National Electric Vehicles Sweden (NEVS), the company that bought the bankrupt SAAB back in 2002 has introduced an autonomous ride-sharing shuttle named Sango and announced plans to test it in real-world conditions. It also outlined a system named PONS that will allow operators and riders to connect with the shuttle. (Story from Autoblog)
Sango wasn't designed to go fast, or to deliver engaging handling. Stylists intentionally gave it a boxy silhouette to maximize interior space and let operators offer three cabin configurations called private, social, and family, respectively. Its six seats can be moved around and rotated as needed, and the passengers can raise privacy walls if they don't feel like socialising with fellow riders. The shuttle's seating capacity drops to four with the walls raised.
NEVS confidently states that autonomous shuttles are closer to the mainstream than many think.
"Getting from A to B with self-driving elective vehicles is not as far off as perhaps the car industry is implying. The era of one person per car and the era of owning a car are soon things of the past," Anna Haupt, the company's vice president of mobility solutions stated.

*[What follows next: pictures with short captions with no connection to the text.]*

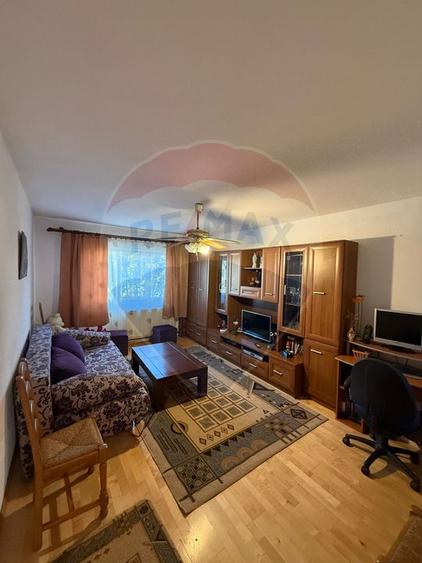 DE INCHIRIAT Apartament 2 camere cu garaj zona Europa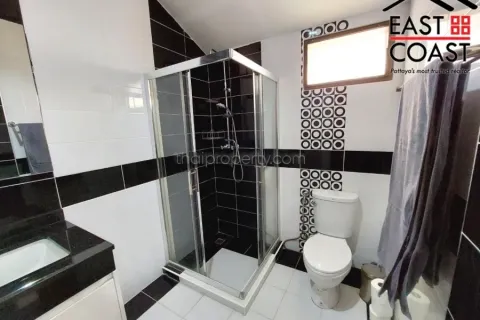 Casa de 3 dormitorios en Jomtien Beach, Pattaya, Tailandia № 212892 - foto 15
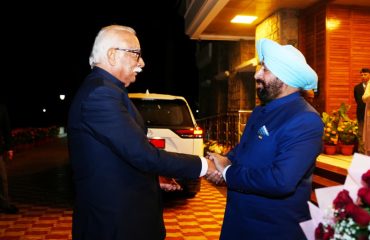 Shri P. Ashok Gajapathi Raju, Governor of Goa paying a courtesy call on Governor Lt. Gen. Gurmit Singh (Retd.).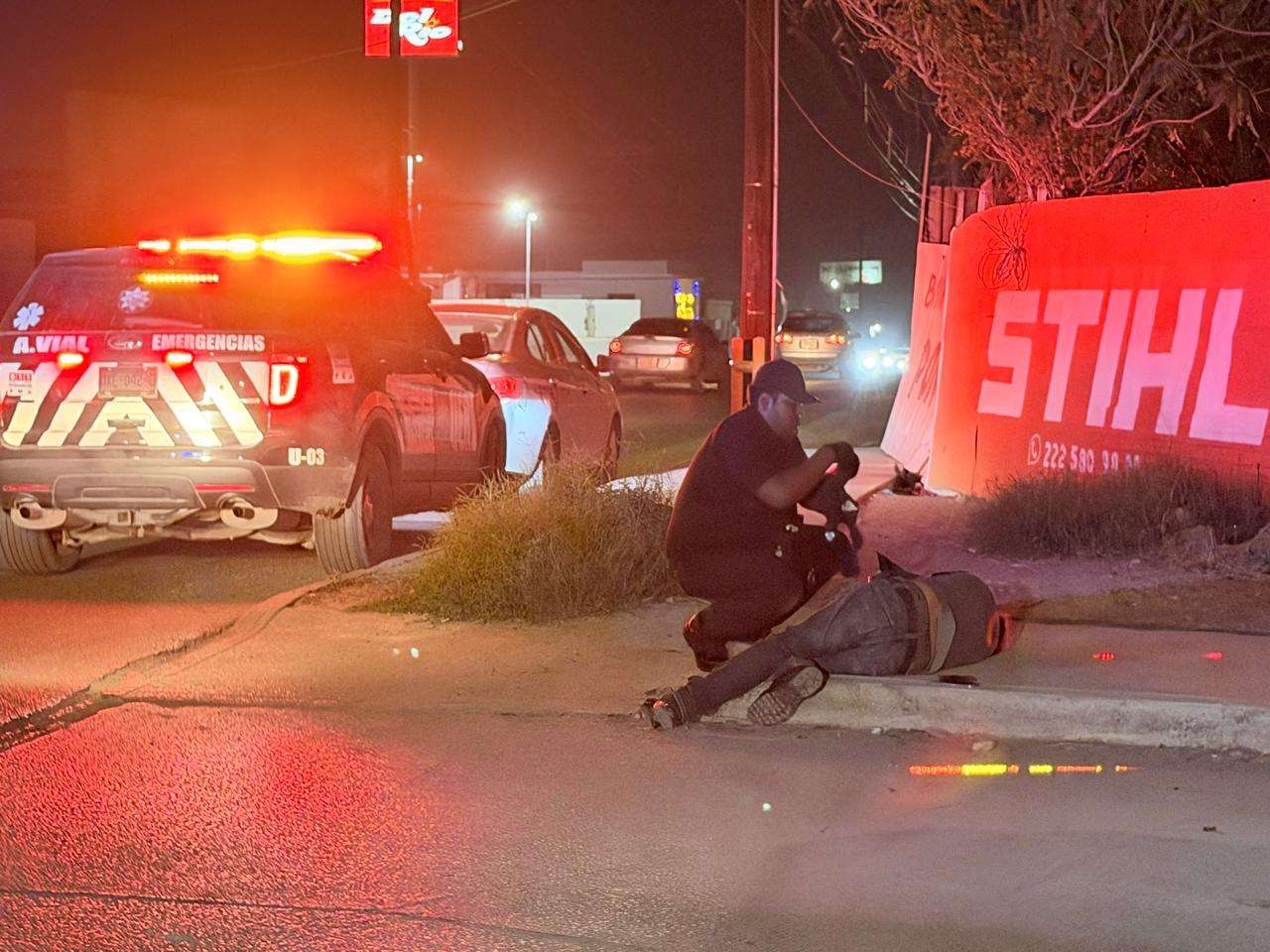 Atropellan a hombre en la colonia Azteca; presenta golpe en la cabeza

Engineers have started testing the first running Sango prototype at NEVS' headquarters in Trollhättan, Sweden. Looking ahead, the company plans to deploy a fleet of 10 autonomous shuttles in Stockholm, where they will be used by members of the general public. Autoblog learned from a company representative that testing will probably start in 2022, and that the firm is taking COVID-19-related concerns into account.
The privacy walls can also serve as virus barriers, and each shuttle will be equipped with individual climate control and ventilation systems with air filters.